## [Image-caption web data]
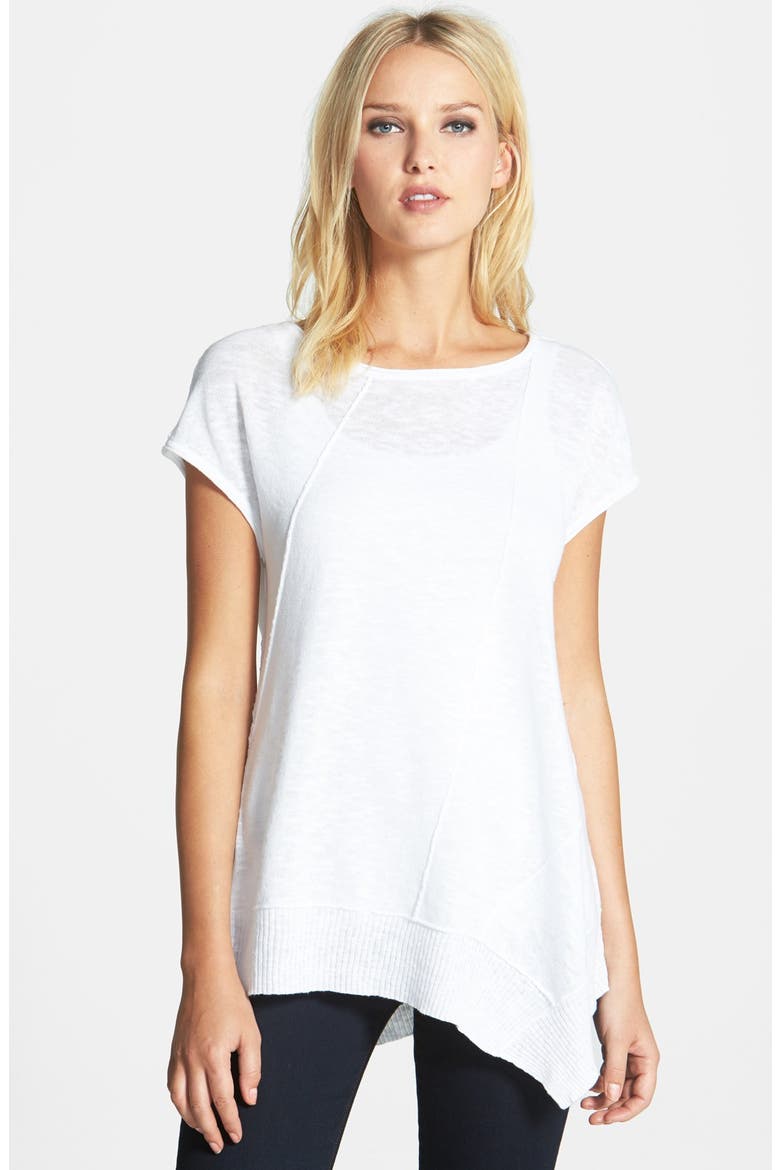 Cap Sleeve Organic Linen & Cotton Scoop Neck Top, Main, color, WHITE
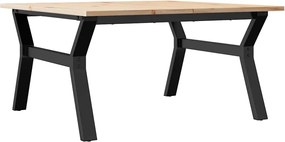 vidaXL Masă de cafea, cadru Y, 90x90x45 cm, lemn masiv pin și Oţel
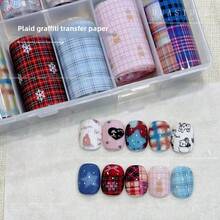 10色蕾丝花朵美甲贴纸，DIY哥特暗黑美甲贴花转印箔，新年郁金香星空美甲贴纸，适合美甲沙龙和个人使用，盒装美甲装饰（不含胶水），是送给女性和女孩的理想美甲配件礼物。 - 彩色 - 查看 19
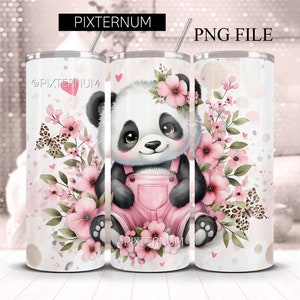 Pretty Panda con flores 20oz Skinny Tumbler Wrap, Pink Floral 20 oz Diseño de sublimación PNG, Mariposas Descarga digital, Vaso sin costuras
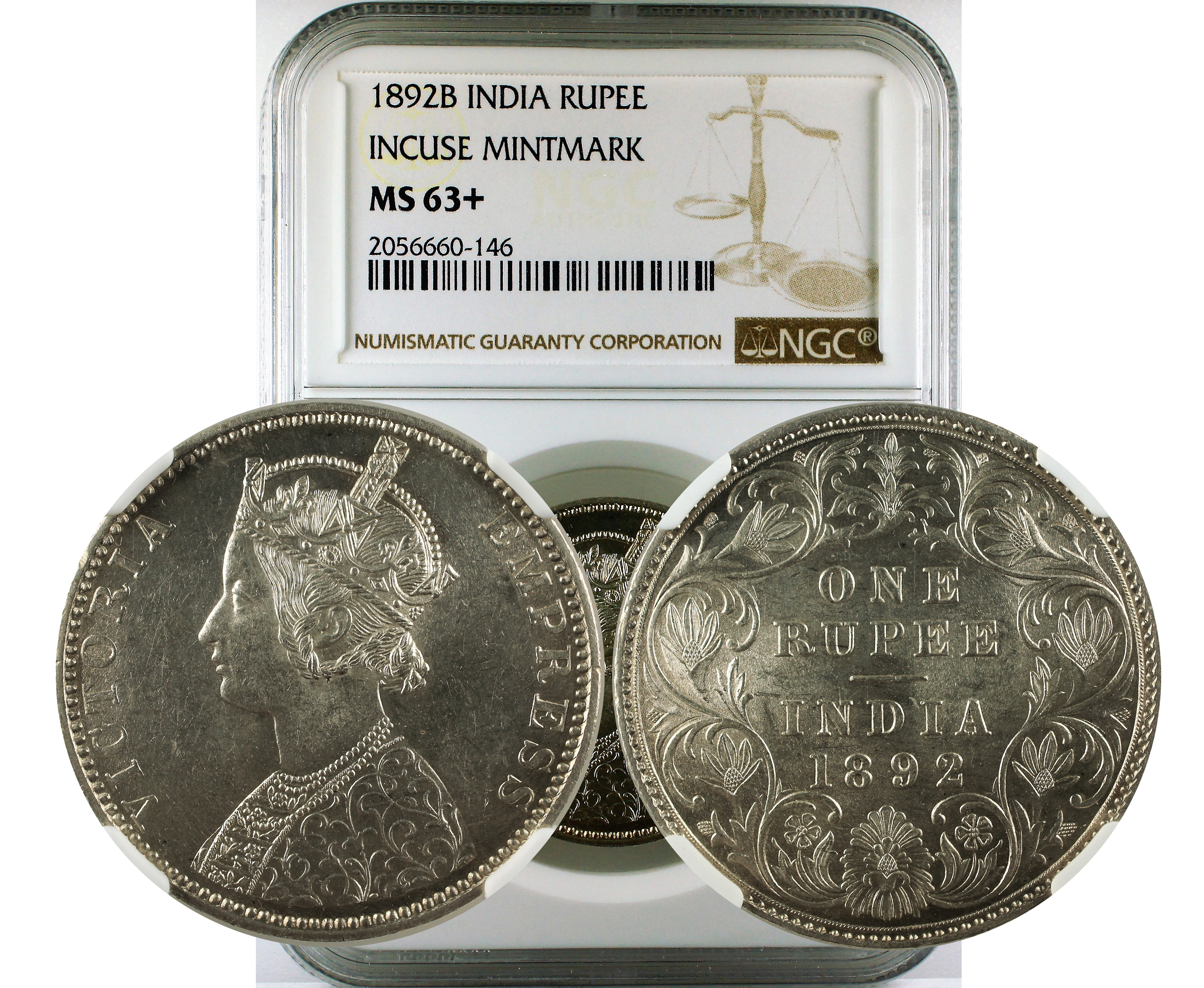 1892B INDIA INCUSE MINTMARK RUPEE MS 63+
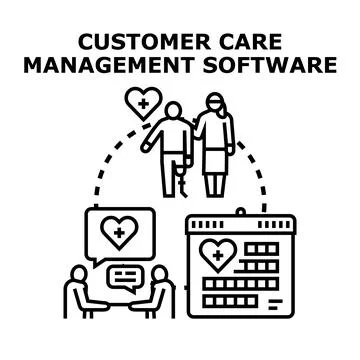 Client care management software system aiding patient support イラスト素材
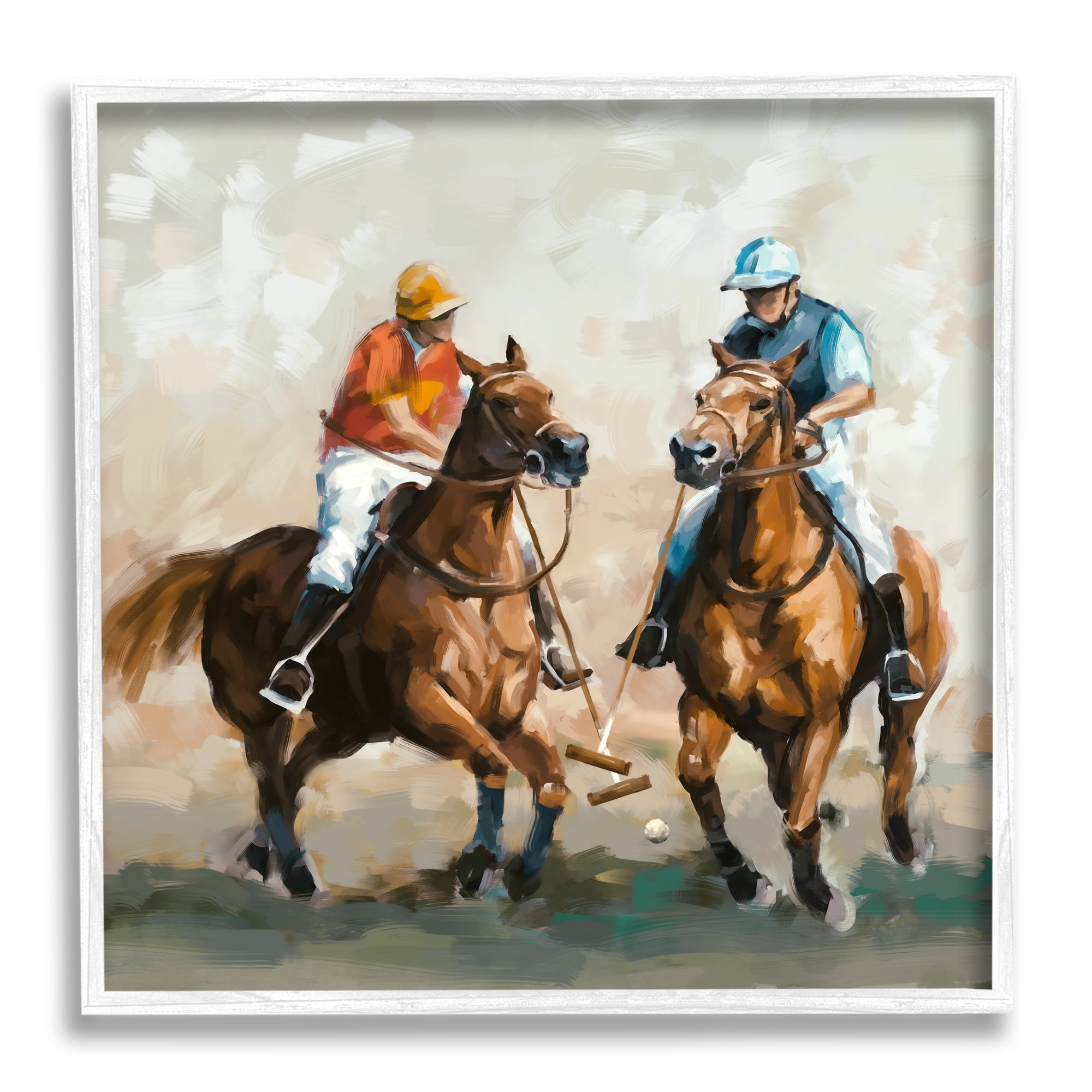 Stupell Industries Equestrian Sport Horses Animals & Insects Painting White Framed Art Print Wall Art, 24 x 24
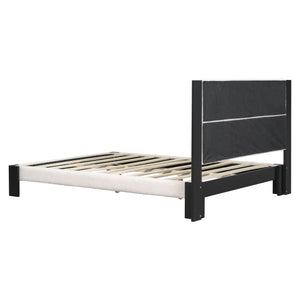 English Elm Christopher Knight Home® - Boucle Queen Upholstered Bed Frame with Square-Stitched Headboard, Beige Fabric & Black Legs - Cozy Platform Design N758Q545253A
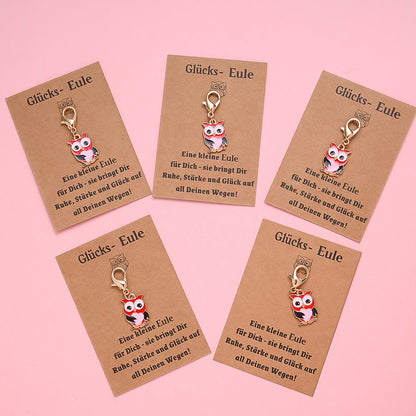 Red Enamel Owl Keychains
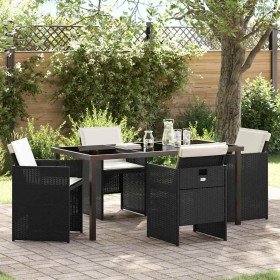Conjunto de Comedor de Jardín 5 pcs Negro ratán sintético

## [Your assignment]
Please repeat, exactly and with nothing else, the lines from the one containing "1892B INDIA INCUSE MINTMARK RUPEE MS 63+" to the last line of the entries, both included, excluding any pictures.

## [Finished task]
 1892B INDIA INCUSE MINTMARK RUPEE MS 63+
 Client care management software system aiding patient support イラスト素材
 Stupell Industries Equestrian Sport Horses Animals & Insects Painting White Framed Art Print Wall Art, 24 x 24
 English Elm Christopher Knight Home® - Boucle Queen Upholstered Bed Frame with Square-Stitched Headboard, Beige Fabric & Black Legs - Cozy Platform Design N758Q545253A
 Red Enamel Owl Keychains
Conjunto de Comedor de Jardín 5 pcs Negro ratán sintético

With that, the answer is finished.